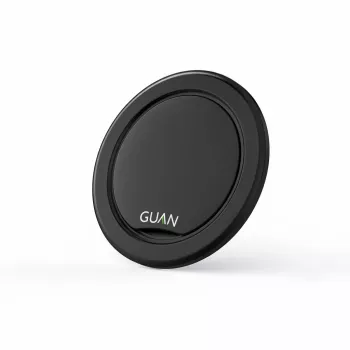 GUAN MagSafe-ring voor iPhone, zwart, GA-SPG23PBLK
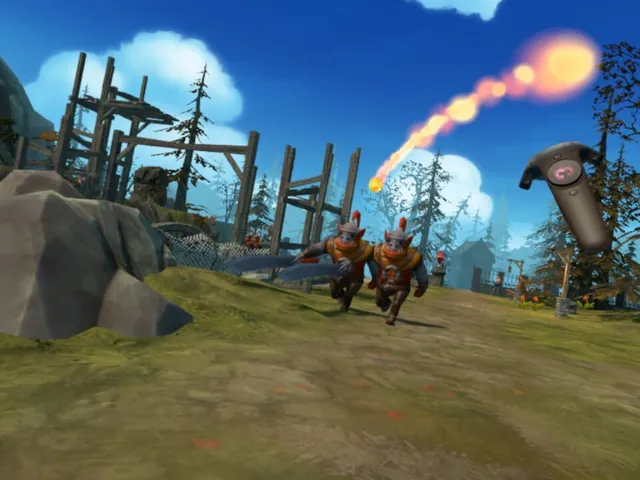 Castle Wars VR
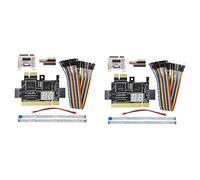 Goufride 2X TL631 Pro LPC-DEBUG Diagnostic Card+Expansion Card PCI PCI-E Mini PCI-E Motherboard Multifunction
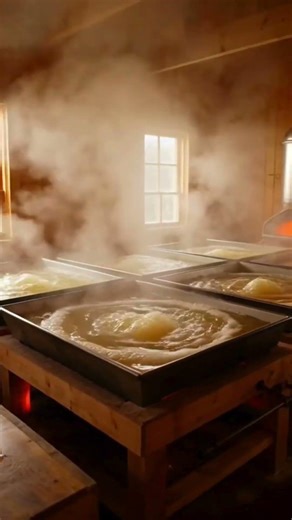 How Maple Syrup Is Harvested | Inside the Sweet Science of Tree Tapping Explained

----

**The problem**
Pictures do not belong in the copy. Reproduce the rest of the data exactly.

**Response area**
 GUAN MagSafe-ring voor iPhone, zwart, GA-SPG23PBLK
 Castle Wars VR
 Goufride 2X TL631 Pro LPC-DEBUG Diagnostic Card+Expansion Card PCI PCI-E Mini PCI-E Motherboard Multifunction
 How Maple Syrup Is Harvested | Inside the Sweet Science of Tree Tapping Explained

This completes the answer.